You pay to live in the Dreaming Spires - average student debt on leaving education is twenty five grand. And in Newcastle you cannot sit inside, chatting, dreaming, reading, writing, drawing, except for the outlay of the price of a coffee. That lasts an hour, give or take, so not bad rental - two quid an hour for the use of a table. But it's still rental.

Church buildings should be dreaming spaces - as should mosques, temples, all places of worship. But price of entry is too often doctrinal conformity. The same goes for shopping malls - love us, love our capitalism. Libraries are great. But shhhh!

Home then, after work? But the best dreams are dreamt in company. The dreams that change communities - surely they should be dreamt as communities? The dreams that change work should be dreamt at work, out loud... and not imposed on others, as Kubla Khan in Xanadu imposed his.

Perhaps the Spanish City Dome has a future as a gathering space for dreamers. It has been inspired by poetry, inspires lyrics. It's watched over by statues of the muses of dance and music. And our town, like pretty much every other, lacks places indoors where the community can gather freely to dream, delve inside its daily activity, celebrate the story that kindles underneath.

Could it happen? Honestly, I doubt it. Not yet. Until then, and perhaps it's no bad thing, and shouldn't change, everywhere's fair ground for dreaming on...

Sunday 16 November 2008

968 - Whitley - The Movie (1)

Robert McKee delivers a seminar about Story. His homepage states that some 50,000 screenwriters, actors, directors, novelists and journalists have attended in the 15 years it has been running.

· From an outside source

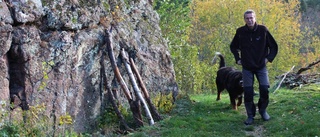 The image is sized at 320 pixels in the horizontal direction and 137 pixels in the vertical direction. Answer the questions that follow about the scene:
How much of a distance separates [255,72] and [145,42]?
351cm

Former students have written WALL-E, the Lord of the Rings Trilogy, Enchanted, Scrubs; have won 27 Academy Awards and 141 Emmys. You get the picture.

His book (from which I've been quoting already) expands on the thesis of the seminar. What you realise, pretty soon, is that it is not just about screenwriting - it's about the ways we make sense of life. This from his website:
in ALL creative work, everything works in the shadow of classic story design.

So if community development is creative, then it is story. If taking reponsibility for your life is creative, then it is story.

Religions realise this - traditional Christianity is the invitation to participate in a massive story arc, one of cosmological as well as personal scope. So too Islam, Hinduism, a myriad others. Though it would be a truism to say that, realising this, we live in a post-religious age.

Still, we cannot avoid seeing life in terms of story. The regeneration of Whitley Bay is a story. Here's a pitch: tiny seaside town blossoms as pleasure resort, but internal and external pressures conspire to see it fade. Will it succomb? When all seems lost, it rediscovers its heart. Belief returns. A newer, braver, wiser Whitley rises.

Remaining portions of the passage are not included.